«Non abbiamo intenzione di andarcene». I lavoratori licenziati dal Cara di Mineo non vogliono lasciare il Comune di Caltagirone. Lo hanno occupato ieri, con l’obiettivo di restarci dentro finché il ministero dello Sviluppo economico non avrà deciso di convocare un tavolo per riaprire una vertenza che, secondo loro, è partita tardi e si è chiusa troppo in fretta. Così si sono piazzati nel municipio calatino, armati di striscioni chiarissimi: «Il lavoro è dignità, non è carità», «Mai tutelati ma dimenticati». In totale, sono circa 150 le persone che hanno perso l’impiego a seguito del cambiamento di appalto: il bando-mostro – oggetto di inchieste giudiziarie e polemiche – è stato trasformato dalla prefettura di Catania in una gara d’appalto suddivisa in quattro lotti. «Ma solo per due lotti è stata prevista l’assunzione di altro personale: il primo e il terzo, cioè quello che riguarda l’assistenza amministrativa e sanitaria e quello delle pulizie», spiega Lucia Inzirillo, segretaria provinciale Confali e lavoratrice della struttura del Calatino dal 2014.
«Io rientro tra i fortunati lavoratori che sono stati ri-assunti – spiega – Mi occupavo di assistenza all’infanzia, ma adesso potrei cominciare a fare tutt’altro, per esempio servire i pasti, come sta capitando a molti colleghi». Assieme ai dipendenti licenziati, nel palazzo comunale di Caltagirone, c’è anche lei.

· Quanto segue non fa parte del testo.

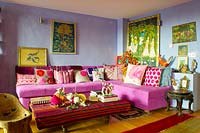 Canapé d'angle rose avec coussins à motifs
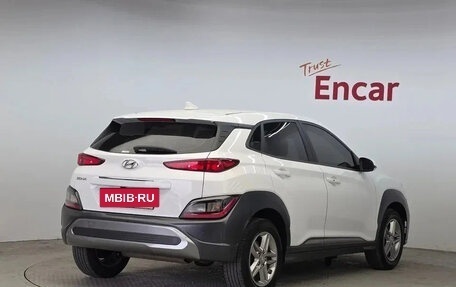 Hyundai Kona I, 2022 год, 1 373 000 рублей, 2 фотография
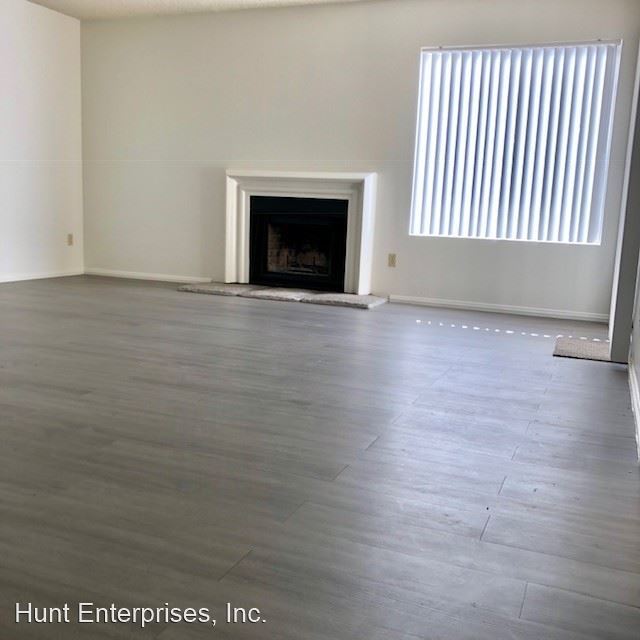 Building Photo - 25957 Redlands Blvd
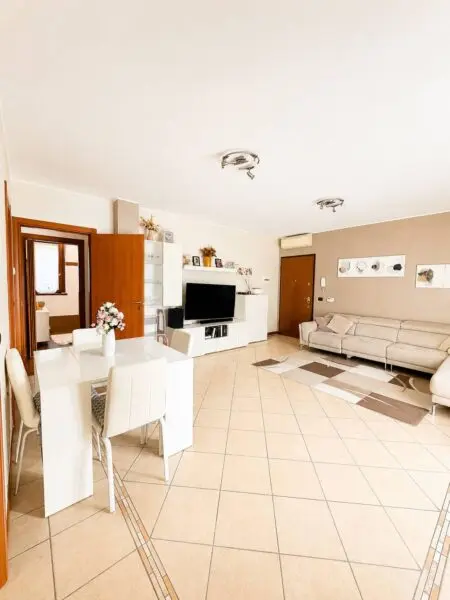 Appartamento via Donizetti 1, Tradate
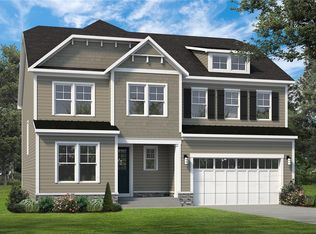 105 Shadow Ridge Dr, Penn Township, PA 16002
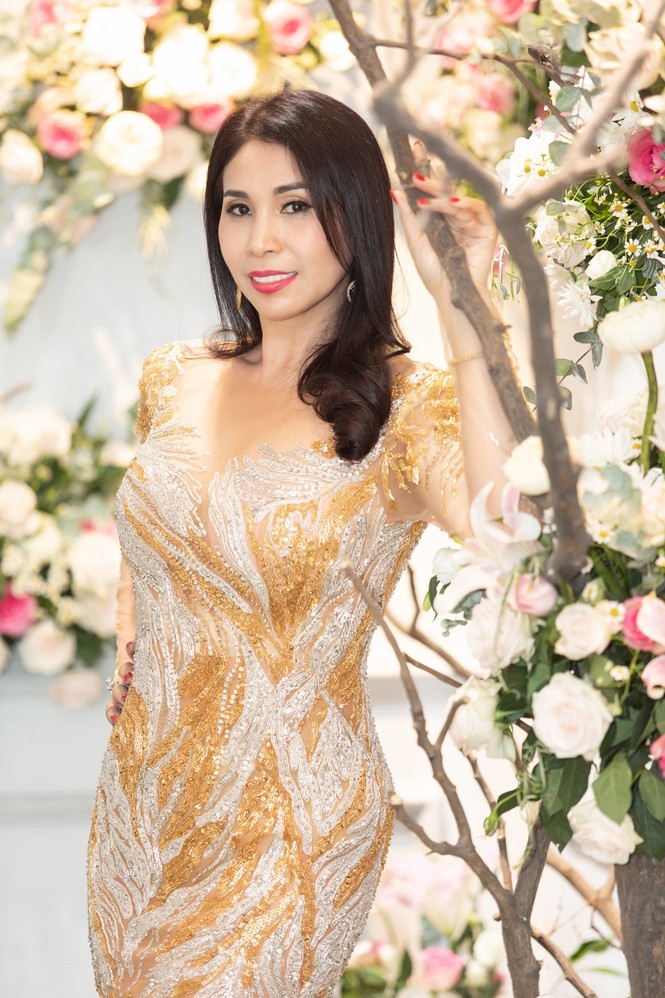 Hoa hậu Giáng My, em gái Lý Hùng đọ dáng gợi cảm với váy xuyên thấu - ảnh 4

Non solo per solidarietà con le persone con cui ha lavorato a stretto contatto negli ultimi quattro anni, ma anche perché la situazione difficile riguarda anche chi ha ancora la propria occupazione: «Non sono stati mantenuti i contratti precedenti – dice la sindacalista – Chi era a tempo indeterminato adesso si ritrova con un contratto che scade a 30 o a 90 giorni. Quest’ultimo è il mio caso, a 18 ore settimanali». Senza contare la questione delle mansioni: «La maggior parte di noi non era indicato come lavoratore specializzato, quindi anche chi faceva l’educatore adesso si ritrova a somministrare il cibo. E il punto non è l’impiego, è che se uno faceva un’altra cosa non è qualificato per farne una diversa. A queste condizioni, davvero, si rischia il caos».
Il timore è che nella struttura, con tutto quel personale in meno, possano nascere tensioni. E se è vero che, al momento, gli ospiti sono circa 1900 (a fronte dei 2400 posti disponibili) è anche vero che «c’erano luoghi in cui i colleghi avrebbero avuto bisogno di aiuto prima, figurarsi adesso». Un esempio? «Il bazar, il posto dove si comprano gli oggetti di prima necessità o le sigarette. Ci domandiamo come si potranno coprire tutti i turni, considerando inoltre che, visto che adesso le ditte dentro al Cara non sono più una soltanto ma diverse, non si può nemmeno contare sulla mobilità interna».
Già l’1 ottobre, data in cui si è consumato il passaggio dalla gestione Nuovo Cara Mineo a quella attuale e parcellizzata, i lavoratori si erano riuniti a protestare sotto agli uffici della prefettura di Catania. E adesso è proprio all’ufficio territoriale del governo che viene chiesto un intervento: «Ai tavoli tecnici non si sono mai presentati dei rappresentanti prefettizi. In questo modo è stato facile iniziare le trattative il 25 settembre e chiuderle il 28, anche se la gara era stata aggiudicata mesi fa e si sapeva, quindi, che si sarebbe posto il problema occupazionale», conclude Lucia Inzirillo. Adesso, i lavoratori sono nel Comune di Caltagirone e lì vogliono restare. «Abbiamo bisogno che le istituzioni ci ascoltino. Non si possono lasciare 150 persone a casa da un giorno all’altro».